WORK REQUIRED
For the lines from the one with "102 Elbow Canyon Road Twisp WA 98856" to the end of the listing below, both ends included, give an exact copy and nothing more. Do not copy pictures.

PROVIDED DATA

-------

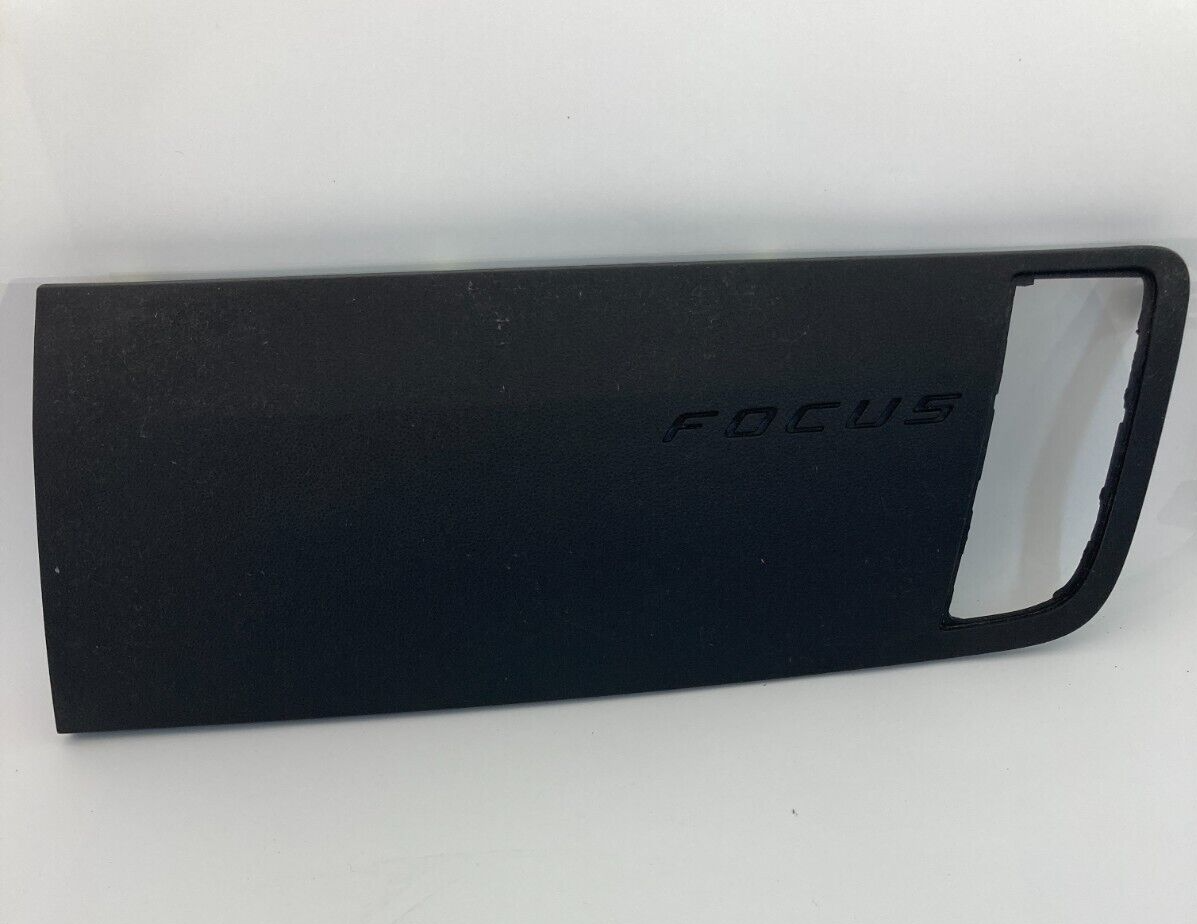 08-11 Ford Focus Dash Right Side Cover Bezel Trim Molding Panel 8S43-54044B88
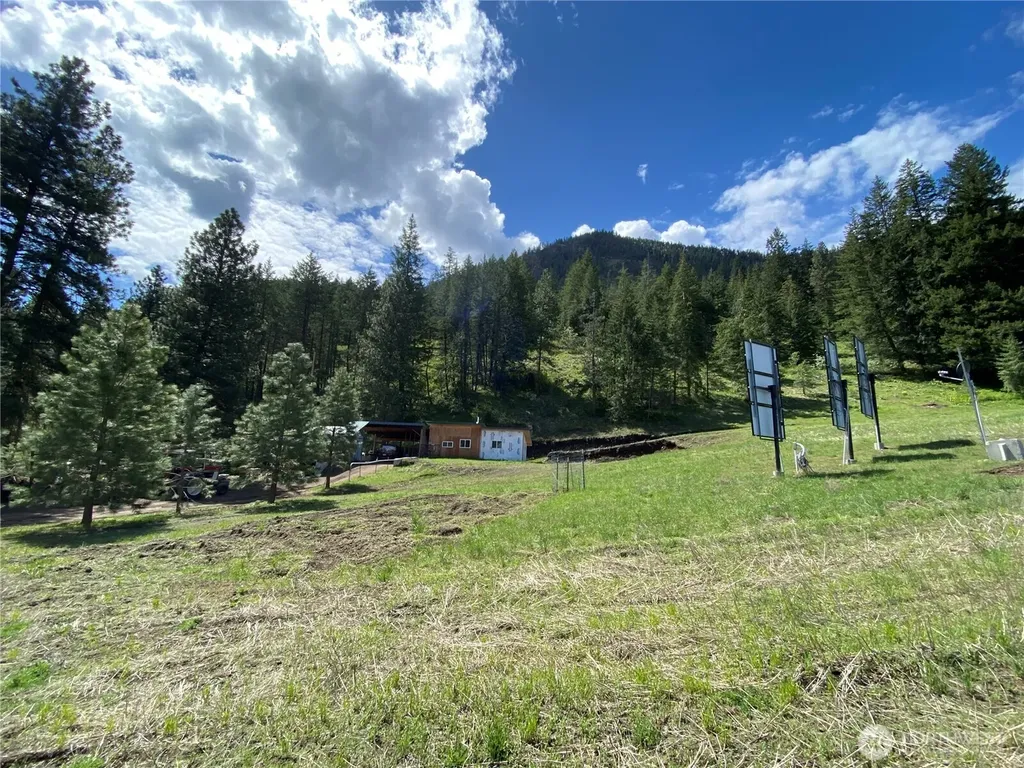 102 Elbow Canyon Road Twisp WA 98856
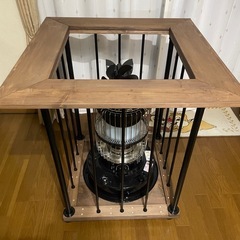 トヨトミ KR-47AB ストーブ 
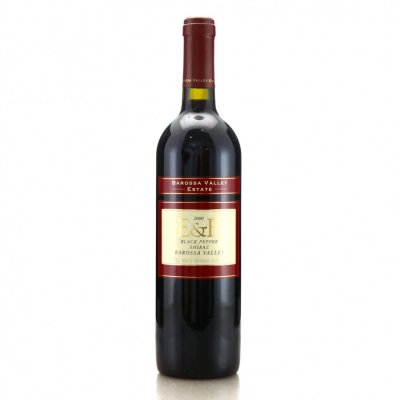 Barossa Valley Estate, E&E Black Pepper Shiraz, Barossa Valley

-------

RESULT BELOW
 102 Elbow Canyon Road Twisp WA 98856
 トヨトミ KR-47AB ストーブ 
 Barossa Valley Estate, E&E Black Pepper Shiraz, Barossa Valley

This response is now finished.